Within weeks of the Carers Leave Act coming into force, the Guardian newspaper revealed that tens of thousands of unpaid carers were being fined huge sums and, in some cases, prosecuted for such minor infringements of earnings rules related to Carers Allowance. Johnny Timpson, financial inclusion commissioner who advised No 10 on its dementia strategy, subsequently resigned from the prime minister's Dementia Friendly Communities Champion Group in protest over the current carers benefit repayment system. As reported in FT Adviser1 when explaining the issue, Johnny Timpson said ‘for people who are in receipt of carers allowance or pension credit, the onus is currently on them to inform the DWP?if they have been overclaiming’.

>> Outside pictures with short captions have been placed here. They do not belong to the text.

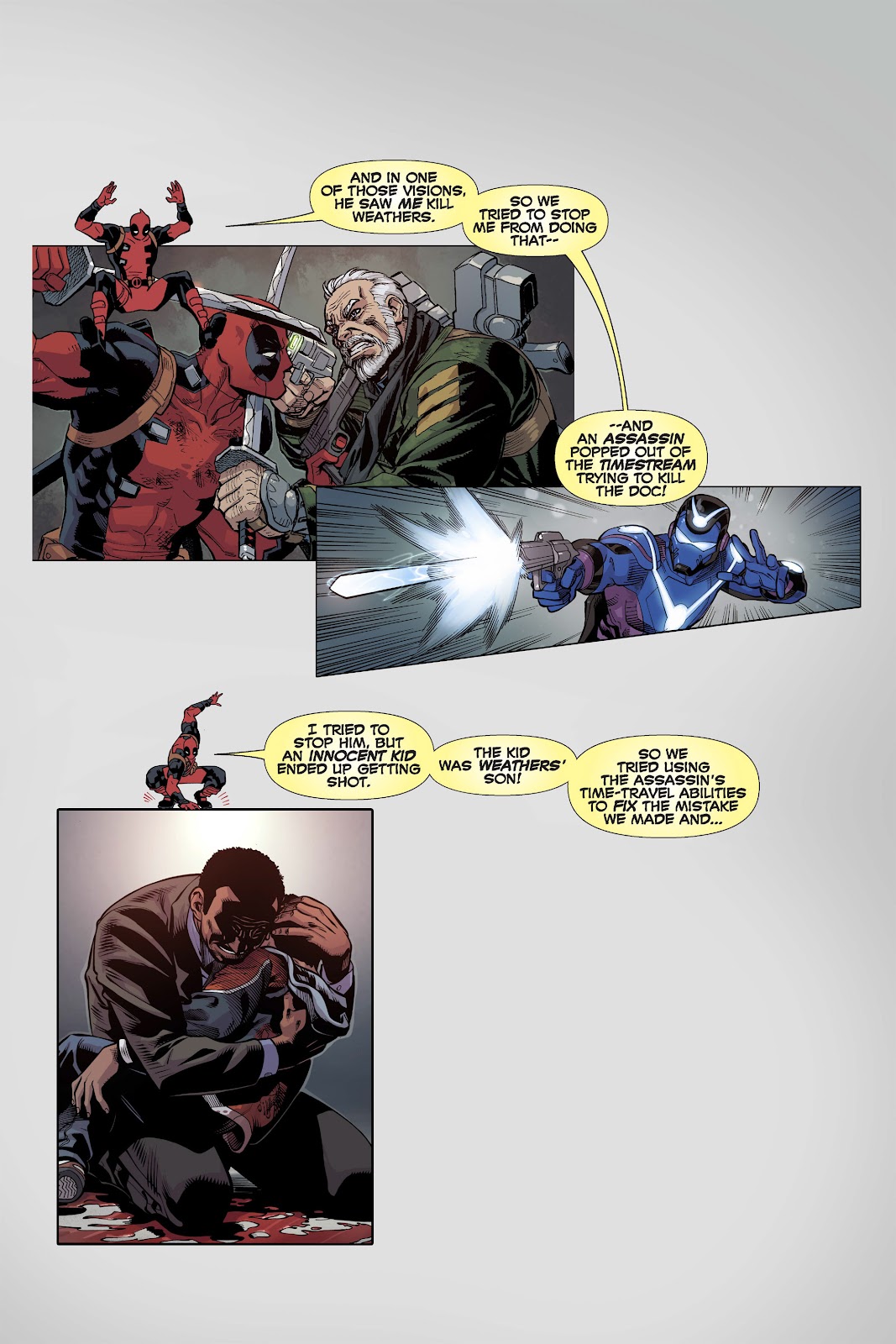 Deadpool & Cable: Split Second Infinite Comic Issue #6 - Page 4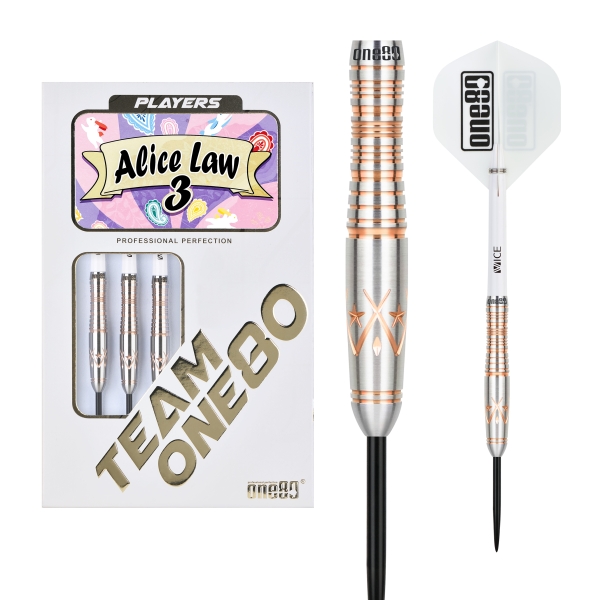 Alice Law III Rosegold Steel Darts 22g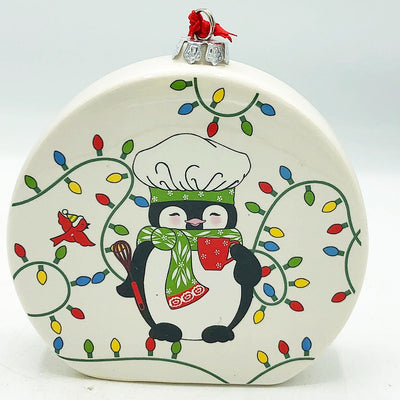 💙 Penguin Ceramic Ornament with Recipe Temptations
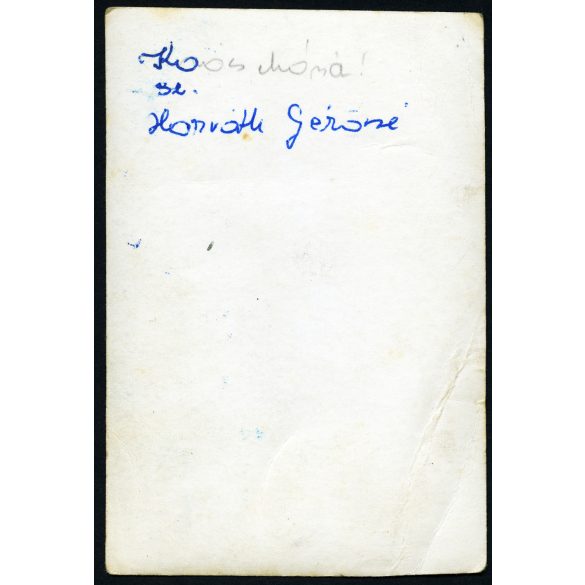 Férfi Pannonia motorkerékpáron, napszemüveg, jármű, közlekedés, szocializmus, 1950-es évek, Eredeti fotó, papírkép.  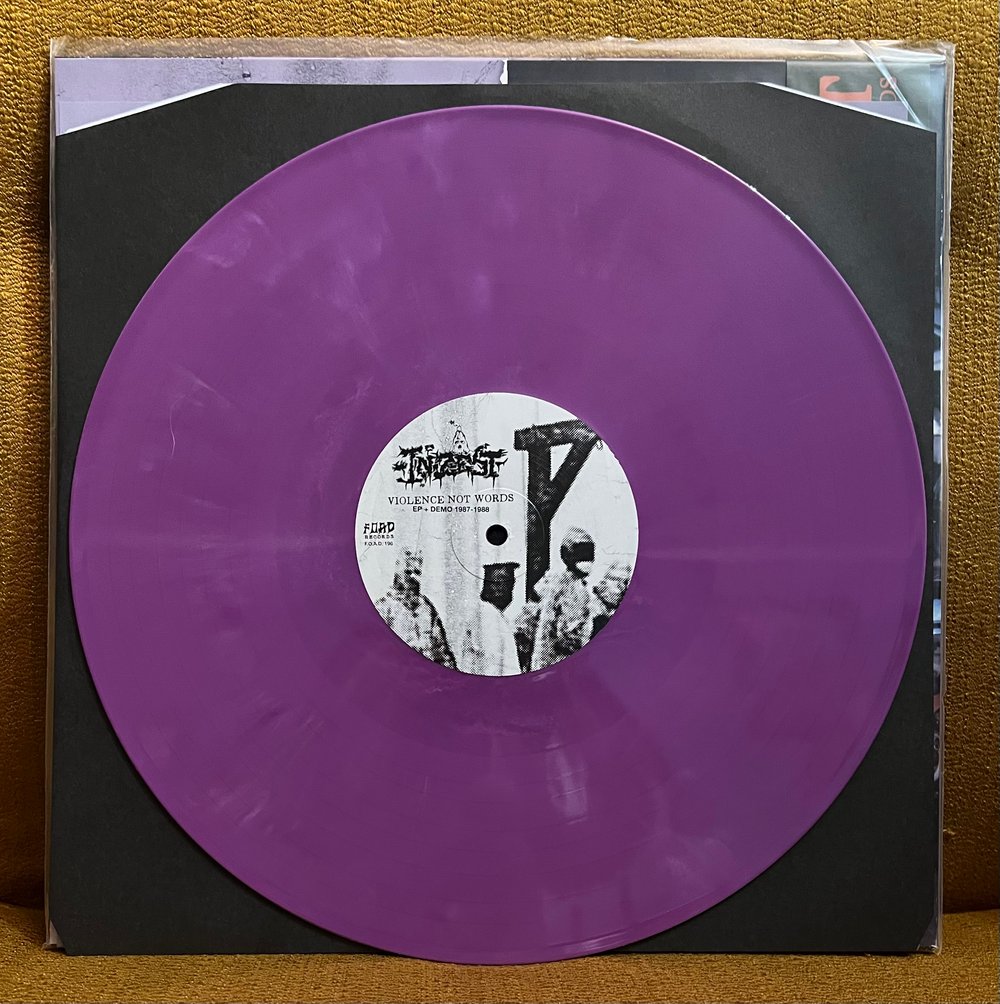 INZEST - Violence Not Words (New Pressing) PURPLE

So, unlike the FCAs approach to vulnerable clients that is operating in financial services, which requires advice firms to focus on vulnerable customers, use their own data to identify vulnerable customers, and make interventions as quickly as possible to improve vulnerable customer outcomes and avoid foreseeable harm,?the DWP’s vulnerable customer policy is based upon those in vulnerable circumstances flagging to the department?if?they are being overpaid. As Johnny Timpson is quoted again in the FT Adviser article, ‘The DWP is out of step with the expectations that the Treasury have of financial services firms and there needs to be some consistency.”
Is this a new issue? Well back in 2019, the Work & Pensions Committee report ‘Overpayment of Carers Allowance’2 suggests the DWP have known about it for at least 5 years. The report stated ‘Carers - who often lead very stressful lives and whose invaluable contribution saves the taxpayer substantial costs – can suffer considerable distress and face financial difficulties when they have to repay overpayments that they often had no idea they were accruing’.
Continuing the comparison with FCA vulnerability and consumer duty regulation, the DWPs failure to respond and proactively notify claimants that minor changes in earnings have impacted on eligibility could be considered an example of ‘sludge practices’, defined by the FCA as 'an excessive friction that hinders consumers from making decisions in their interests, by taking advantage of their behavioural biases'.3
So, its perhaps not surprising that in a recent report from ‘Policy for Practice’4 (a social policy software and analytics company) called ‘Missing out 2024’ they have suggested that this state of affairs, coupled with the complexity of this benefit in respect of both eligibility and the process of claiming, is why more than 500,000 carers are not receiving more than £2.2 billion in financial support each year for which they are most likely eligible. Indeed, it is estimated that Carers Allowance is the 3rd most underclaimed benefit behind Universal Credit and Council Tax Reduction. And this despite the fact that this benefit can be viewed as a sound investment when placed in the context of informal carers saving the British economy £162 billion a year in care costs, a saving equivalent to the total annual cost of NHS services in England and Wales.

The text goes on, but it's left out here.